I am often a fan of a gritty campaign that offers deep personal challenges to the players. For example, my Druids really struggled with the unliving gray stone of our urban campaign. We made the most of the role play and enjoyed our weaknesses as much as our strengths.
In such a campaign, character weaknesses and flaws are to be embraced rather than avoided. They add depth. Struggling against the societal injustices that are inevitable when trying to live as a hated Drow in a city of sun dwellers can be intense and thrilling.
But what of lighter-hearted campaigns? What if you just want to be dark-skinned? Or what if you just want the abilities of a Drow without the societal baggage?
There's a few things you could consider.
You could choose the stats of another eleven race and just be black-skinned, in the same way that humans can be black-skinned.

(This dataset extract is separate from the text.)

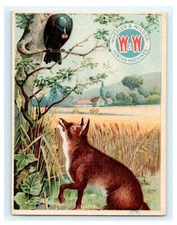 Wheeler & Wilson Sewing Machines The Fox and Crow WH Symonds Gloucester MA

You can craft a new racial subtype. The DMG gives guidelines for this. If your DM is comfortable with crafting a custom Drow, say, one that grew up on the surface, he may let you trade some benefits, such as dark vision, for eliminating the drawback of light sensitivity.
You can also discuss with your DM the idea of relaxing the rules modestly. "Direct sunlight," for example, might be house-ruled to exclude early morning and late evening sunlight, when the light is arguably less direct. He might also allow the partial shade afforded by trees and large buildings to shelter you. Only consider this option if your campaign is generally lighthearted and your DM is generous and open to customization.
I find the idea of a donkey with a parasol amusing. If your campaign is very comedic, stick with that, as it was your idea to begin with, and has endless potential for amusement. My mind is now drifting off to all the donkey jokes in Shrek.